## About this exercise
Could the records below please be retyped exactly, with their pictures left out?

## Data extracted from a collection
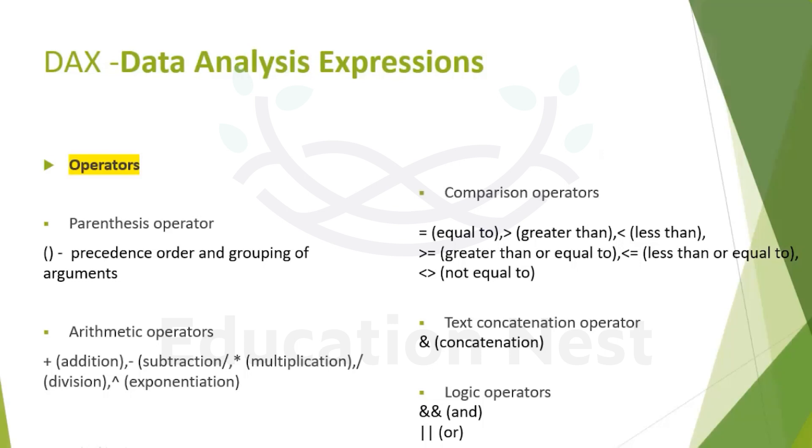Let's move on. Next what we see is operators. Like our earlier example, we did see why we use parentheses. It is used for ordering and grouping of arguments for a function, and the second is precedence order.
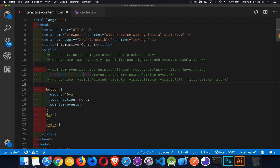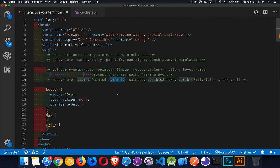Fill and stroke are what SVGs are made up of — fill is the fill portion, and stroke is the line drawn around shapes. Visible means whether the visible property is set to true or false on an element inside your SVG. Painted means a color has been added — it doesn't matter whether it's visible, it just has a color. If you want both, you can use visible-painted. Most of the time, you'll use fill, stroke, all, or none.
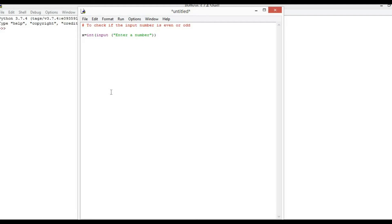Now, if statement use: if x mod 2 — that is, divide by 2, remainder 0 — then it is even number. It is an odd number otherwise.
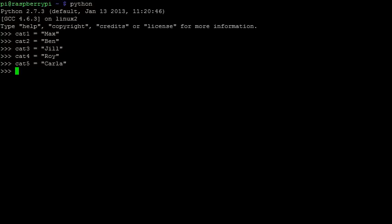In Python we can do exactly this using something called a list. Here I have made a list with 5 elements, each being one of the cat names. Of course we are still dealing with 5 separate string variables, but all of them are found in cat names.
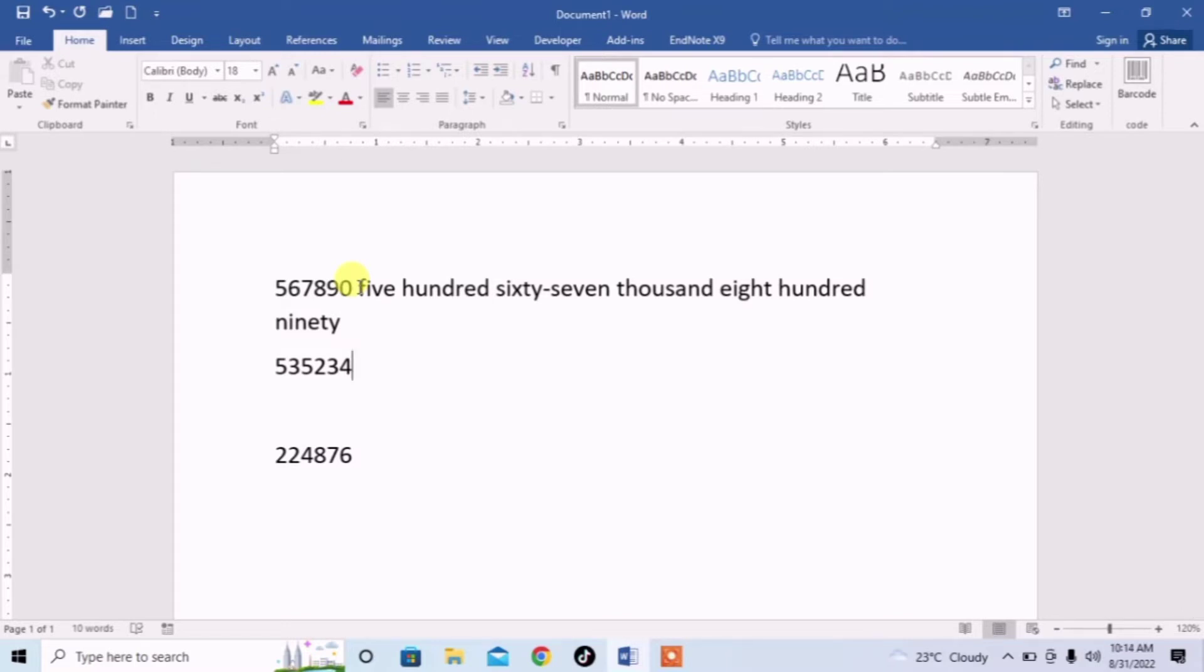I will give you a short trick with the help of which you can convert any large number into text without typing the whole number.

## Exercise output
Let's move on. Next what we see is operators. Like our earlier example, we did see why we use parentheses. It is used for ordering and grouping of arguments for a function, and the second is precedence order.
Fill and stroke are what SVGs are made up of — fill is the fill portion, and stroke is the line drawn around shapes. Visible means whether the visible property is set to true or false on an element inside your SVG. Painted means a color has been added — it doesn't matter whether it's visible, it just has a color. If you want both, you can use visible-painted. Most of the time, you'll use fill, stroke, all, or none.
Now, if statement use: if x mod 2 — that is, divide by 2, remainder 0 — then it is even number. It is an odd number otherwise.
In Python we can do exactly this using something called a list. Here I have made a list with 5 elements, each being one of the cat names. Of course we are still dealing with 5 separate string variables, but all of them are found in cat names.
I will give you a short trick with the help of which you can convert any large number into text without typing the whole number.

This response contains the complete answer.